BenLangmead / bowtie2

A fast and sensitive gapped read aligner
GNU General Public License v3.0
638 stars 160 forks source link

Add --sam-omit-prim-seq #458

Closed sfiligoi closed 5 months ago

sfiligoi commented 5 months ago

Add --sam-omit-prim-seq, with the same semantics as --omit-sec-seq but operating on primary alignments.

Addresses #457

sfiligoi commented 5 months ago

@ch4rr0 Could you please review?

ch4rr0 commented 5 months ago

Hello Igor, I will take a look today.

sfiligoi commented 5 months ago

The resulting output file is huge, putting a lot of strain on the IO system. Reducing the IO cost at the source would be highly preferred.

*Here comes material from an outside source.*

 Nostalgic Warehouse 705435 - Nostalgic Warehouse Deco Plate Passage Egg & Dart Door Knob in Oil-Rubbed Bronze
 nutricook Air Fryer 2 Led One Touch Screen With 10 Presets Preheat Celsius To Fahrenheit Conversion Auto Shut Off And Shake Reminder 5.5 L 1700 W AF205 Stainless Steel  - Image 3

sfiligoi commented 5 months ago

CC @wasade

wasade commented 5 months ago

Thanks, @sfiligoi!

@ch4rr0, shaving IO natively within bowtie2 would be pleasant

ch4rr0 commented 5 months ago

@BenLangmead, thoughts?

sfiligoi commented 5 months ago

Just a reminder....

BenLangmead commented 5 months ago

I think this kind of straightforward postprocessing is best left to awk and similar tools. Otherwise we accumulate too many command-line options that make later changes trickier.

I know that this is in tension with the fact that Bowtie had the --suppress option for this purpose: https://bowtie-bio.sourceforge.net/manual.shtml#bowtie-options-suppress. But I think keeping it simple is key.

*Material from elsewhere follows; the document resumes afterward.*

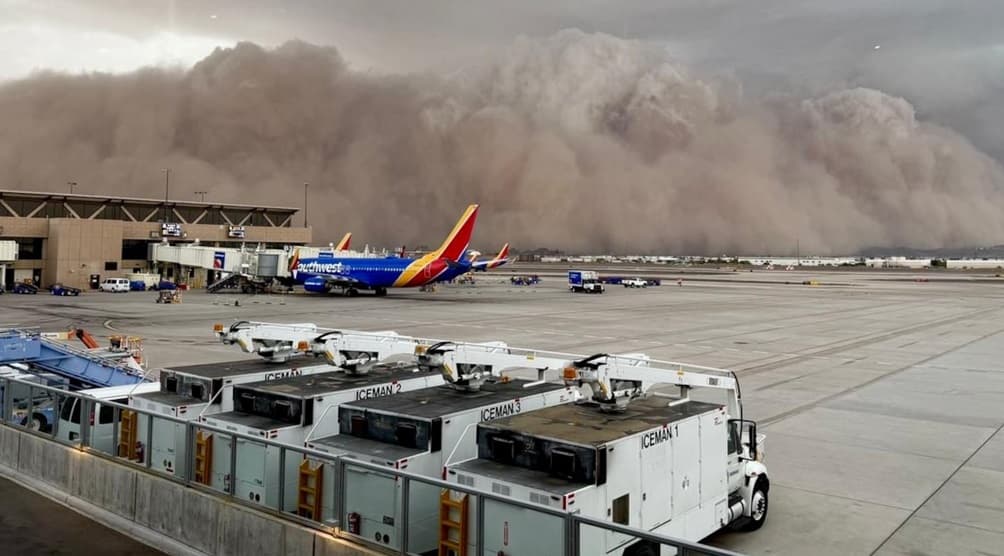 Tempestade de areia causa atrasos em mais de cem voos nos Estados Unidos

sfiligoi commented 5 months ago

Unfortunately, --suppress does not work with -S/--sam.

BenLangmead commented 5 months ago

Correct

wasade commented 5 months ago

Hi @BenLangmead, this option is valuable to our efforts with Qiita (https://qiita.ucsd.edu/). Qiita right now houses .sam output from 50-100k metagenomic samples, which are typically mapped against a few databases. The volume of data overall is large, and reprocessing occurs periodically. We currently post process to reduce storage burden, but it would be an appreciable runtime improvement to avoid the significant IO needed to stage .sam temporarily for filtering.

BenLangmead commented 5 months ago

I appreciate your comments; I suggest awk or mawk or similar should be a good expedient, or feel free to use a fork with your change. We do not plan to integrate this feature into the master branch.

wasade commented 5 months ago

Thanks, @BenLangmead! We appreciate the follow up, and all of incredible work that has, and continues, to go into bowtie2!